There is also extremely useful popcnt() instruction, would be great to
have that as well. There is also fls() (find largest set bit), it is
used extensively throughout the kernel. If we'd like to take this ad
absurdum, there are a lot of useful operations defined in
include/linux/bitops.h and include/linux/bitmap.h, I'm pretty sure one
can come up with a use case for every one of those.

The question is whether we should bloat the kernel with such helpers/operat=
ions?

I still think that we don't need a dedicated BITSET map. I'm not
talking about Bloom filters here, mind you. With the Bloom filter I
can't (in principle) beat the performance aspect, so I stopped trying
to argue against that. But for BITSET map, there is next to zero
reason (in my view) to have it as a dedicated map vs just implementing
it as an ARRAY map. Or even, for cases where it's feasible, as a
global variable array (avoiding BPF helper calls completely). Any
bitset operation is literally one bpf_map_lookup_elem() helper call
and one logical and/or/xor operation. And you can choose whether it
has to be atomic or not. And you don't even have to do power-of-2
sizing, if you don't want to (but your life will be a bit harder to
prove stuff to the BPF verifier).

Further, if one implements BITSET as just an ARRAY of u64s (for
example), you get all the power of bpf_for_each_map_elem() and you can
implement finding first unset bit, last unset bit, and anything in
between. All using already existing primitives. Yes, there is a
callback overhead, but with your custom ARRAY, you can optimize
further by using something bigger than u64 as a "building block" of
your ARRAY. E.g., you can have u64[8], and reduce the number of
necessary callbacks by 8. But we are getting way too far ahead. My
claim is that ARRAY is better than BITSET map and doesn't lose in
performance (still one BPF helper call for basic operations).

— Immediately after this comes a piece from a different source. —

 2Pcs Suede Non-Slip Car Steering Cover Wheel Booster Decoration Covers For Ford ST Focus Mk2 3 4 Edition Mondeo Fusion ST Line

I'd love to hear specific arguments in favor of dedicated BITSET, though.

>
> > But also searching just a first set bit is non completely generic, I'd
> > imagine that in practice (at least judging from bit operations done on
> > u64s I've seen in the wild) you'd most likely need "first set bit
> > after bit N", so peek(-N)?..
>
> You're right as far as generality goes, but for my use case "after bit
> N" is not so important (you enqueue into different buckets and always
> need to find the lowest one. But there could be other use cases for
> "find first set after N", of course. If using -N the parameter would
> have to change to explicitly signed, of course, but that's fine by me :)
>
> > I think it's an overkill to provide something like this, but even if
> > we do, wouldn't BPF_MAP_GET_NEXT_KEY (except we now say it's a
> > "value", not a "key", but that's nitpicking) be a sort of natural
> > extension to provide this? Though it might be only available to
> > user-space right?
>
> Yeah, thought about get_next_key() but as you say that doesn't work from
> BPF. It would make sense to *also* expose this to userspace through
> get_next_key(), though.
>
> > Oh, and it won't work in Bloom filter "mode", right?
>
> I expect not? But we could just return -EINVAL in that case?
>
> -Toke
>